▶ Exercise instructions: An exact transcription of all the data is required, with every image removed.

▶ Data segment:

>>>

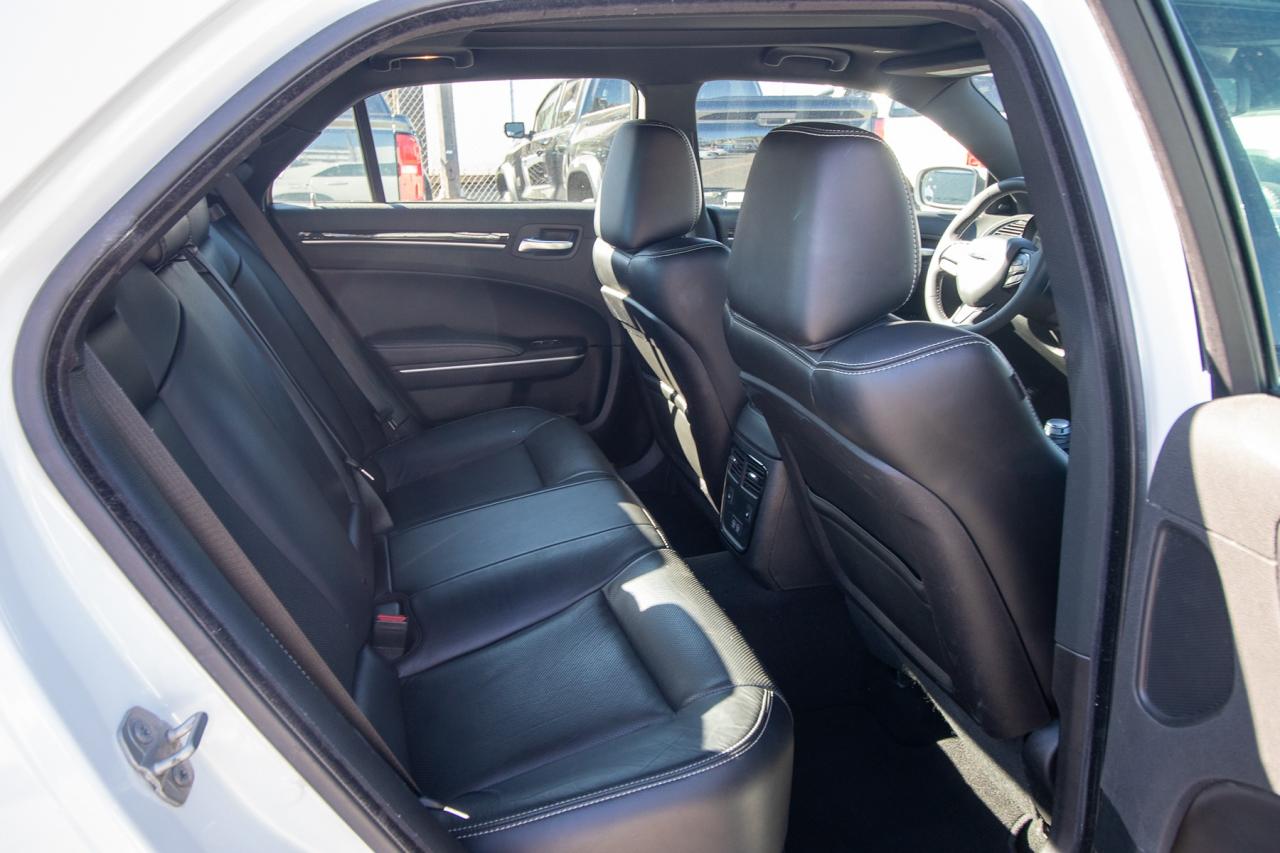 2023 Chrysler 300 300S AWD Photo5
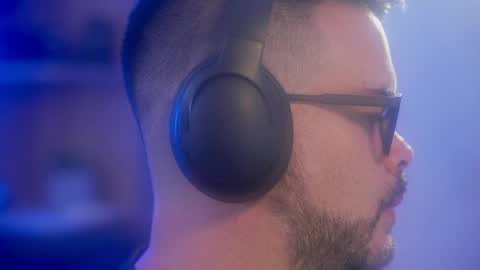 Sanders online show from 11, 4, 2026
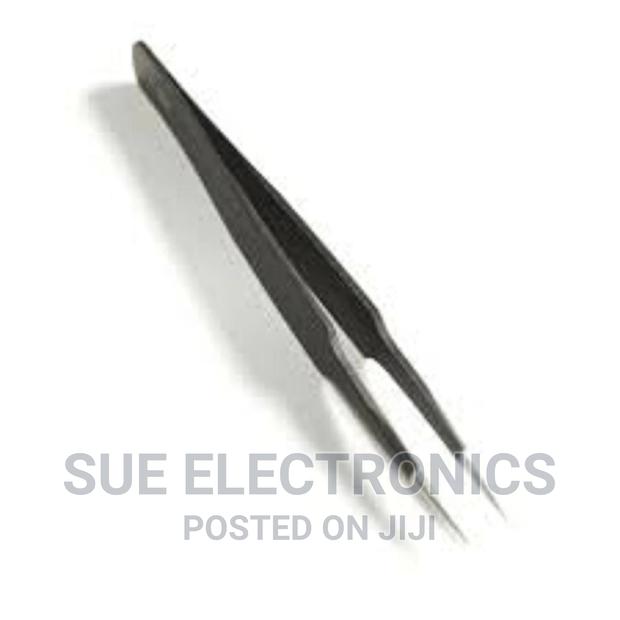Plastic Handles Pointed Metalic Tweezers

<<<

▶ Response to this task:
 2023 Chrysler 300 300S AWD Photo5
 Sanders online show from 11, 4, 2026
Plastic Handles Pointed Metalic Tweezers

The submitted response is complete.